◆ About this exercise
Omit every picture while you reproduce the entries that follow word for word.
=== Begin Enclosure ===
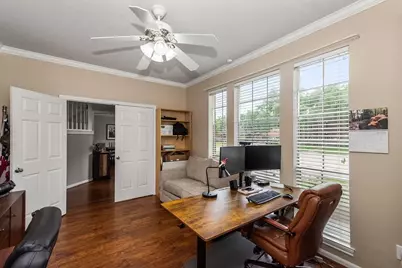 20814 Durand Oak Court, Cypress, TX 77433 - Photo 5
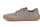 Barefoot Schnürer Freedom light grey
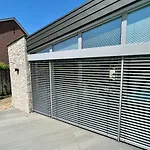 Ferienwohnung Loft Muenster
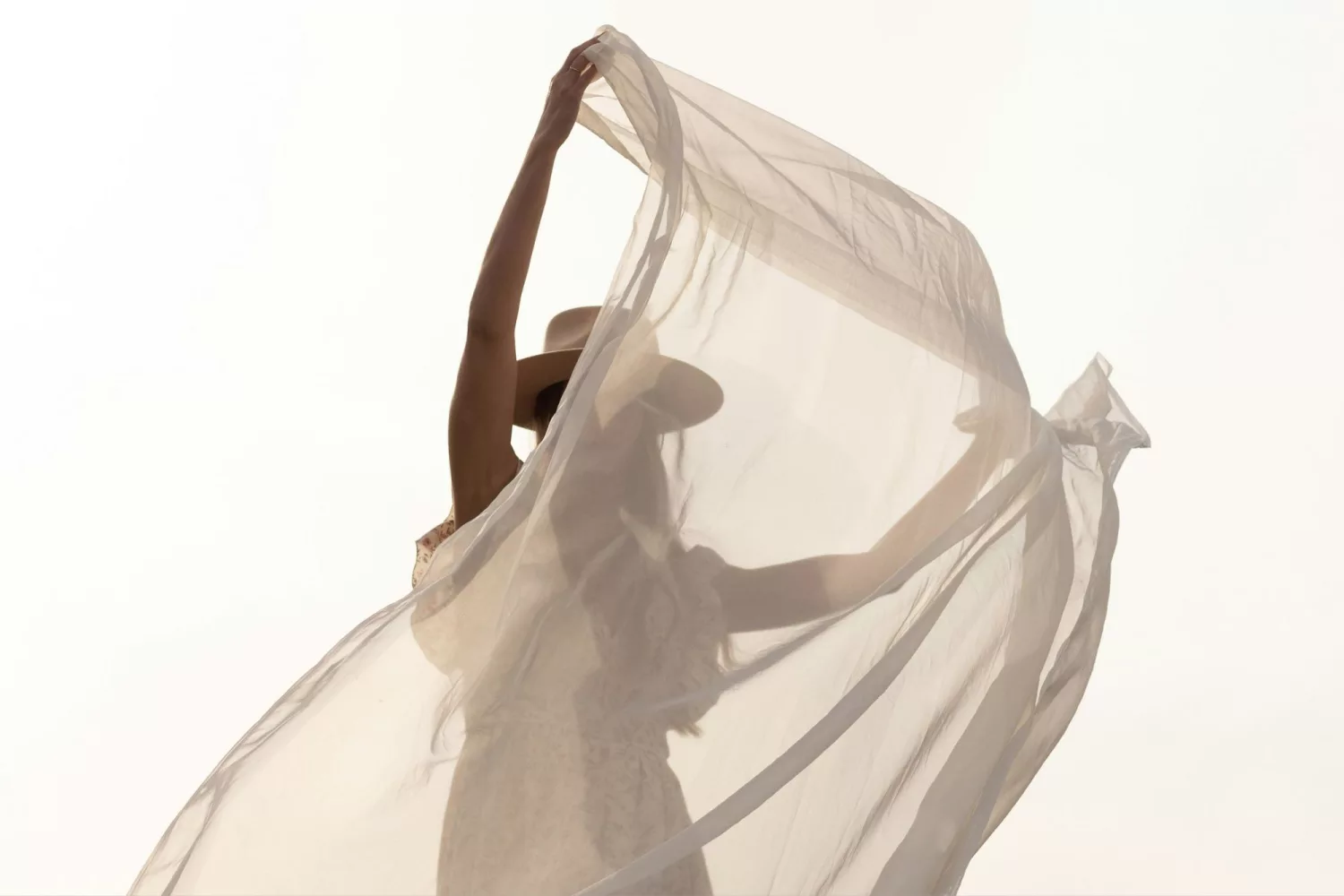 baby wipes, mama disrupt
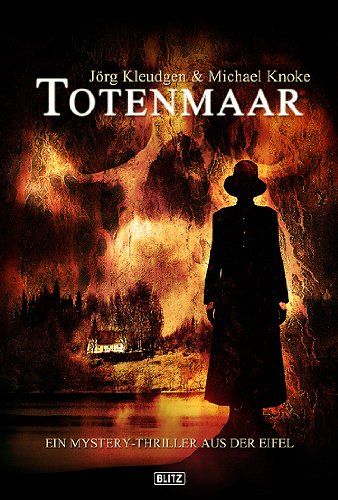 Product Image: Totenmaar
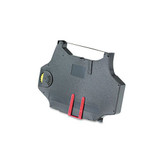 R0500 Compatible Correctable Ribbon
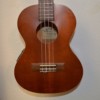 uke5 uke5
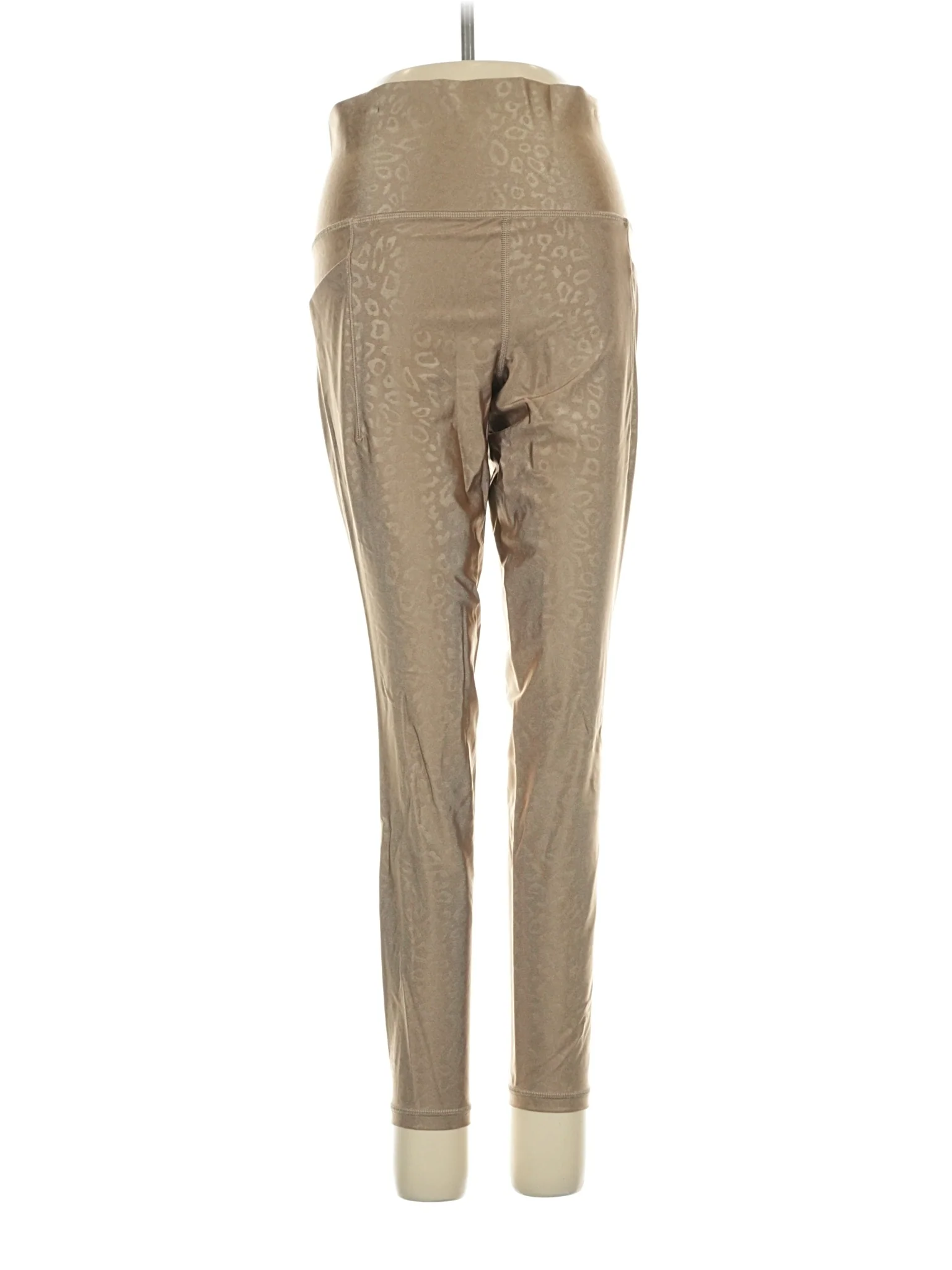 Casual Pants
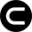 www.cxsw3d.com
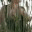 bound4you.wordpress.com
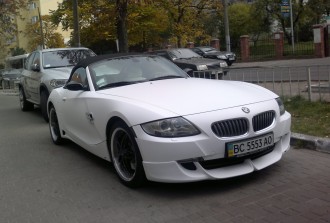 2013-10-10-598.jpg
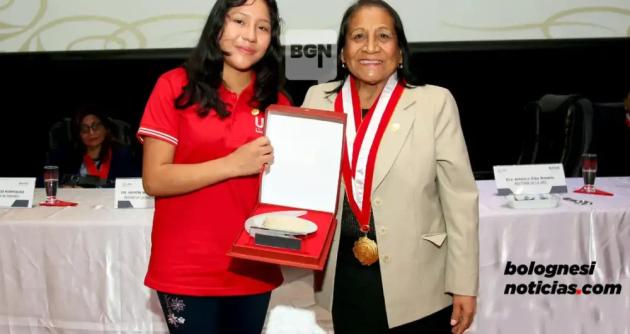 Foto: cortesía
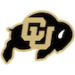 Colorado Buffaloes soccer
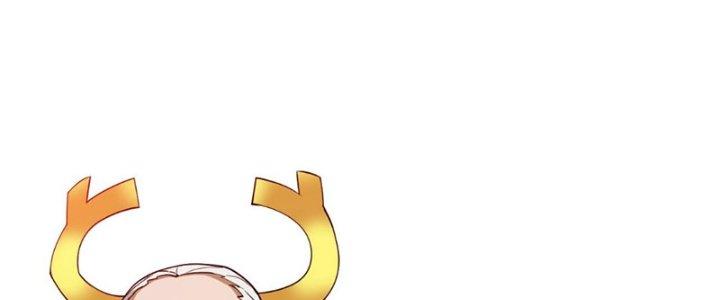 ẩn cư mười vạn năm, đời sau mời ta rời núi chapter 30 167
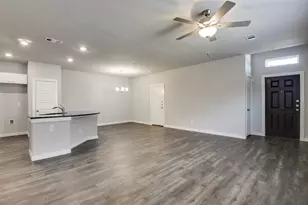 736 Wheatfield Dr, Venus, TX 76084 - Photo 6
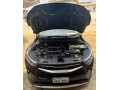 kia-stonic-2021-small-5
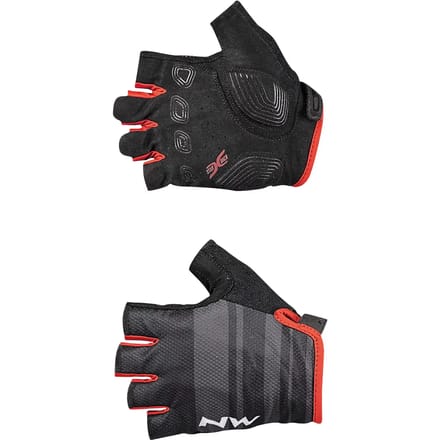Handschoenen court Northwave Active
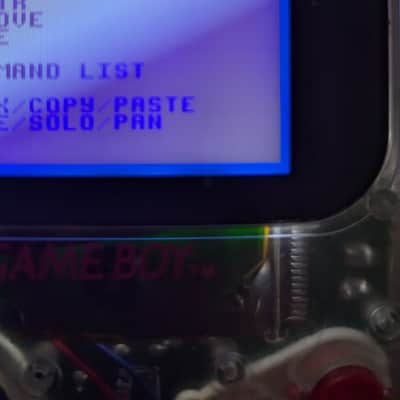 LSDJ Flash Cart image 6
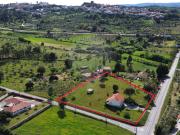 Moradia T3 à venda em Celorico da Beira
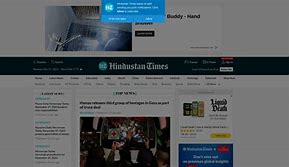 Image result for site%3Awww.hindustantimes.com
=== End Enclosure ===
◆ Solution to this task
 20814 Durand Oak Court, Cypress, TX 77433 - Photo 5
 Barefoot Schnürer Freedom light grey
 Ferienwohnung Loft Muenster
 baby wipes, mama disrupt
 Product Image: Totenmaar
 R0500 Compatible Correctable Ribbon
 uke5 uke5
 Casual Pants
 www.cxsw3d.com
 bound4you.wordpress.com
 2013-10-10-598.jpg
 Foto: cortesía
 Colorado Buffaloes soccer
 ẩn cư mười vạn năm, đời sau mời ta rời núi chapter 30 167
 736 Wheatfield Dr, Venus, TX 76084 - Photo 6
 kia-stonic-2021-small-5
Handschoenen court Northwave Active
 LSDJ Flash Cart image 6
 Moradia T3 à venda em Celorico da Beira
 Image result for site%3Awww.hindustantimes.com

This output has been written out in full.